PROBLEM DETAILS = Return the full listing unchanged, apart from leaving out its images.

SOURCE DATA =

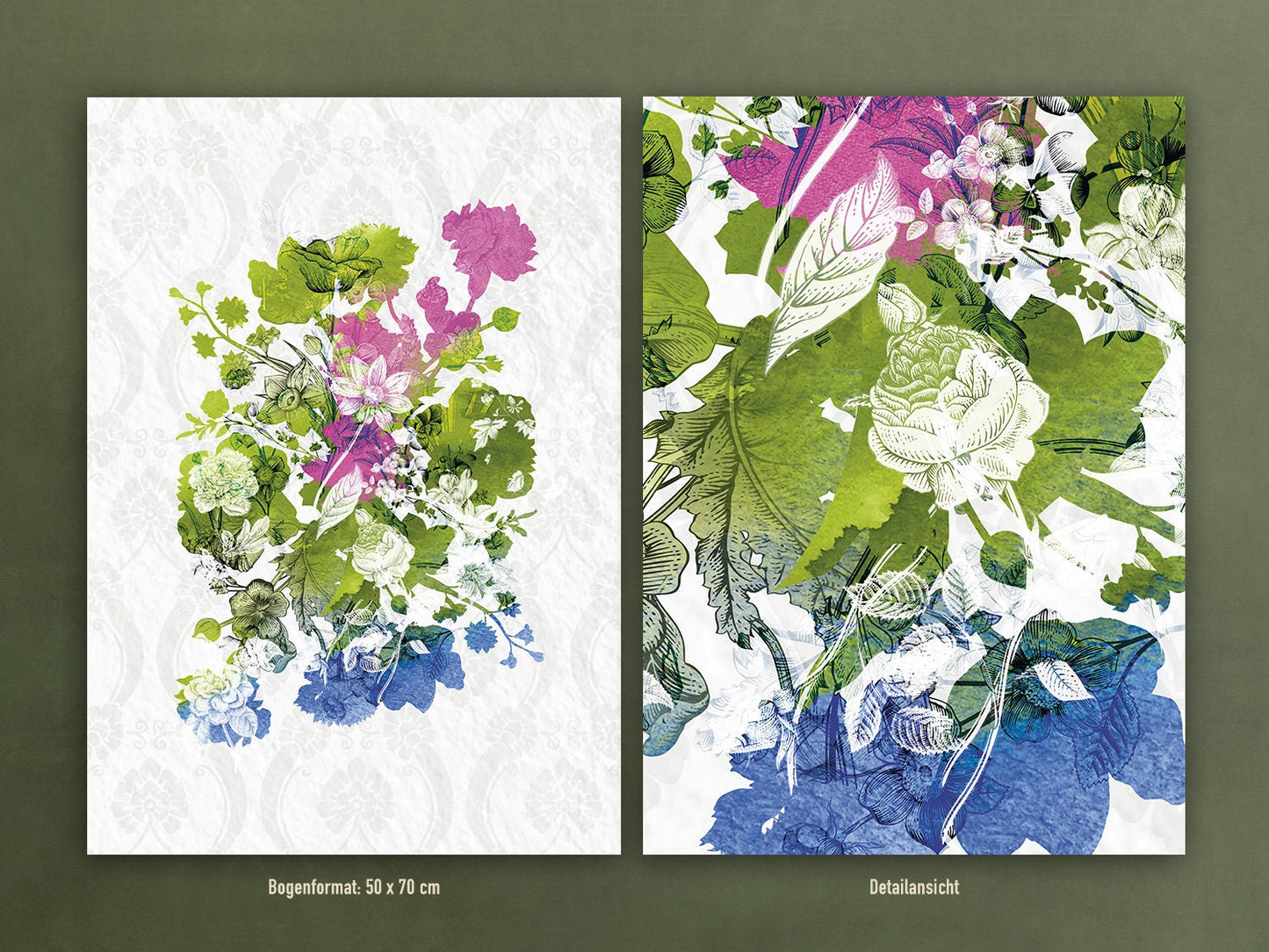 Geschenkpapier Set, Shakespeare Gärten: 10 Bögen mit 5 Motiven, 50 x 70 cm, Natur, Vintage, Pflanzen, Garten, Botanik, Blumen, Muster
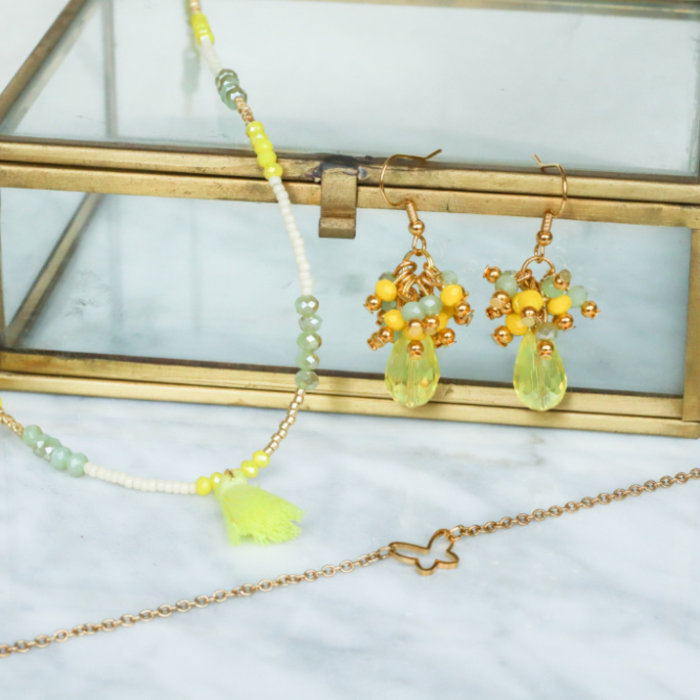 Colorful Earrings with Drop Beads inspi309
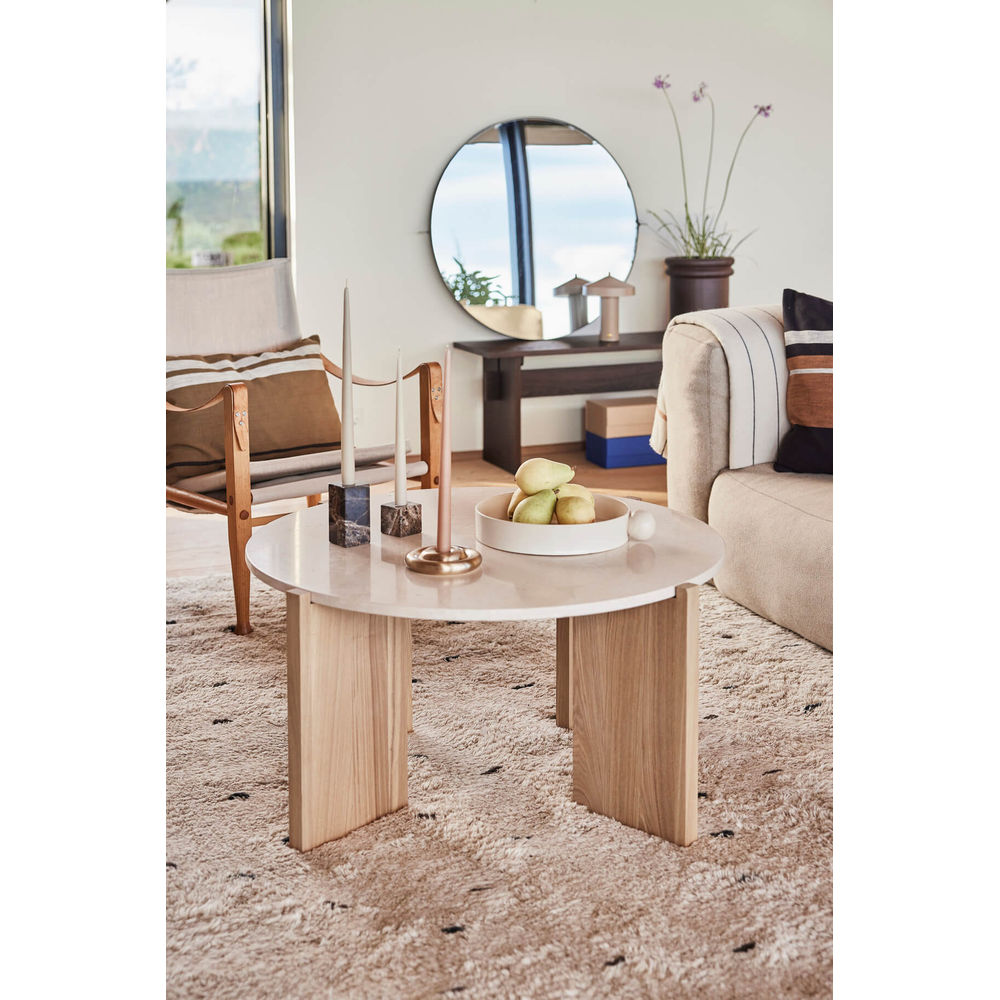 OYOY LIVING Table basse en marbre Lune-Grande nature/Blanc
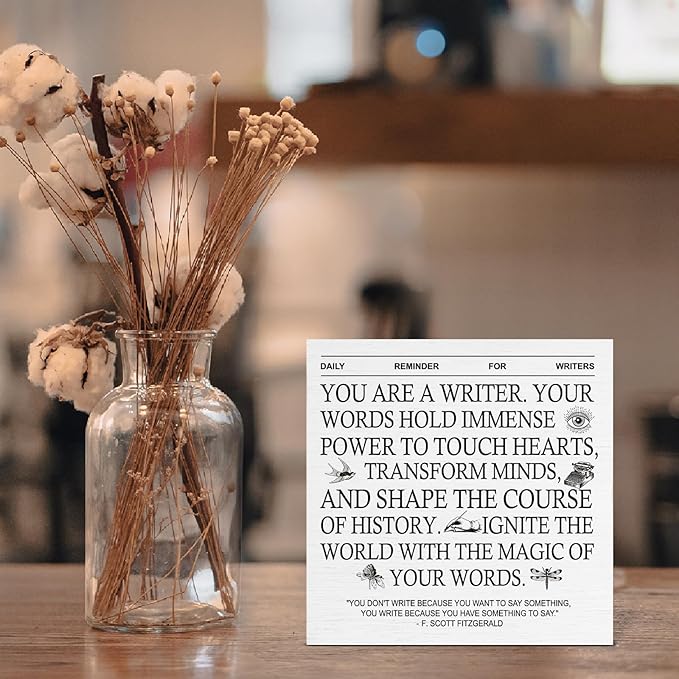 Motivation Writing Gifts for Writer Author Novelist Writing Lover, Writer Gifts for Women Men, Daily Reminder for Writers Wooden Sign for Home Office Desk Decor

TASK RESULT =
 Geschenkpapier Set, Shakespeare Gärten: 10 Bögen mit 5 Motiven, 50 x 70 cm, Natur, Vintage, Pflanzen, Garten, Botanik, Blumen, Muster
 Colorful Earrings with Drop Beads inspi309
 OYOY LIVING Table basse en marbre Lune-Grande nature/Blanc
 Motivation Writing Gifts for Writer Author Novelist Writing Lover, Writer Gifts for Women Men, Daily Reminder for Writers Wooden Sign for Home Office Desk Decor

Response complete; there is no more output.